Hello everyone,
Today I have a Question of the Week that came through Live Chat.
Question of the Week
Here's a section of the Live Chat log:
Andrea E: Hi, how are you today?
User: Hi Andrea
Andrea E: How can I help you?
User: I am doing a spatial overlay of a point layer (animal licenses) over a postcode polygon
User: I was able to get the total number of point inside each postcode
User: but I also want to get the total number per animal type - dog or cat
Andrea E: So you want the break down within each postcode of dog or cat?
So the question is: how many of each type of animal are licensed for each postcode boundary? For that we'll need to do an overlay, maybe create a list, and then calculate some statistics.
Live Chat
So Live Chat is how our support teams can communicate with users in an online conversation. I don't do that work and I admire those who do because you have to think very quickly to come up with an answer. In the time she had, Andrea came up with this solution:
Using Businesses/Neighborhoods (instead of Animals/Postcodes) she carries out an overlay first of all.
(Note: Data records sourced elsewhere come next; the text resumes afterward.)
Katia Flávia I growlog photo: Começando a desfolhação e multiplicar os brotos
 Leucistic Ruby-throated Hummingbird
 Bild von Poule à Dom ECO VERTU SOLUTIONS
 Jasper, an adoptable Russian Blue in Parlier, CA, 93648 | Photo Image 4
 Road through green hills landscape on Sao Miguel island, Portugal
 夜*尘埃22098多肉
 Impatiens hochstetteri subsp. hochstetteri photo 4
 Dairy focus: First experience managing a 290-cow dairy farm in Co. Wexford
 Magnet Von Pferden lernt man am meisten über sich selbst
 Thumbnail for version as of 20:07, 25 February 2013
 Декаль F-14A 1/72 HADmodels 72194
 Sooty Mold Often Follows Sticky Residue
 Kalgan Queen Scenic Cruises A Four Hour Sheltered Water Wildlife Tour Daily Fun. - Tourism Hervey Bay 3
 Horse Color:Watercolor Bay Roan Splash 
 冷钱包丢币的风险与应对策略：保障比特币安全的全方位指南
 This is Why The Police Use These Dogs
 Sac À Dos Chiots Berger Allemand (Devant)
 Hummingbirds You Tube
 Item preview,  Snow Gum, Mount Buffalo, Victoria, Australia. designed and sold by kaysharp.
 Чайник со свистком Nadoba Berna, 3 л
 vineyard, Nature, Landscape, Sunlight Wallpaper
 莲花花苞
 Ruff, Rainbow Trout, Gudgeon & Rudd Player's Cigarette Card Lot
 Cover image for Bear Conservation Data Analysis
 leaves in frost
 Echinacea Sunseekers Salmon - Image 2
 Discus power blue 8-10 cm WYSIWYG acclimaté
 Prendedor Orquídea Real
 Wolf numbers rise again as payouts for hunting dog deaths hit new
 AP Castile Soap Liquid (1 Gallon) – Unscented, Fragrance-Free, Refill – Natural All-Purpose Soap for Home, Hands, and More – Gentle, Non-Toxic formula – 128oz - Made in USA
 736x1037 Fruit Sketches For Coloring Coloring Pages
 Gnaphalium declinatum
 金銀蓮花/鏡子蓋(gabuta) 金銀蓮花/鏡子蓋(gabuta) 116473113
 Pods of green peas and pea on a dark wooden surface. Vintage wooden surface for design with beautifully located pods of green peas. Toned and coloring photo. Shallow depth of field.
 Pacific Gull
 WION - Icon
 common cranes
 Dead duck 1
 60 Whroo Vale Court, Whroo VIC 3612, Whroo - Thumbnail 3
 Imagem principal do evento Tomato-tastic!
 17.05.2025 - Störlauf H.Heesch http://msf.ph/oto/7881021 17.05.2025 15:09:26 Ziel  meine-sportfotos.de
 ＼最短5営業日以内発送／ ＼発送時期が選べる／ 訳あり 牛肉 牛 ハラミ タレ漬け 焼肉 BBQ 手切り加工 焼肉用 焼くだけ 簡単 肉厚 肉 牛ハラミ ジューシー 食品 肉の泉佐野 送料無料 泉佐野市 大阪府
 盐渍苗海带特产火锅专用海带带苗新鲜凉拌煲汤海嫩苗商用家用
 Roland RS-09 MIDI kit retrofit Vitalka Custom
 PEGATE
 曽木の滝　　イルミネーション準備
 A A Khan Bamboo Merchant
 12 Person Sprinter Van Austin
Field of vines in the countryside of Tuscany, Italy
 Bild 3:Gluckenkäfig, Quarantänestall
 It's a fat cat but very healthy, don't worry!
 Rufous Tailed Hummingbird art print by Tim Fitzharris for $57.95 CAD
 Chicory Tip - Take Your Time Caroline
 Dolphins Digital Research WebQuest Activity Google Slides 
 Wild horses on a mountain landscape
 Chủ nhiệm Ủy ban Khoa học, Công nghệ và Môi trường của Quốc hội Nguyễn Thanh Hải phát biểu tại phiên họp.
That returns a total count per neighborhood, but not a count of each business type; and you can't group-by type because the area features don't have a matching attribute.
So... the businesses - now with added postcode attribute - are then run through a StatisticsCalculator and Aggregator to aggregate business types per postcode. That's simple enough, but then we need more transformers to restructure the attributes and attach them back to the area features.
It's a nice solution, but it's a bit slow around the Aggregator transformer (5+ minutes). So is there a better way?
Using Lists
If we check the PointOnAreaOverlayer:Area output, we see that each neighborhood gets a list containing businesses and types:
Could we calculate the numbers from this? The ListElementCounter would count all elements (it has no group-by option) and the ListSummer has no numeric values to work on. But there is one transformer that will do what we want: the ListHistogrammer!
The ListHistogrammer
This excellent little transformer is exactly like a group-based ListElementCounter. It will count how many of each business (or animal) type there are in the list of overlapping point features:
So now we have the answer. There are 89 restaurants, 62 offices, and 39 residential/commercial businesses in this neighborhood. Hurrah!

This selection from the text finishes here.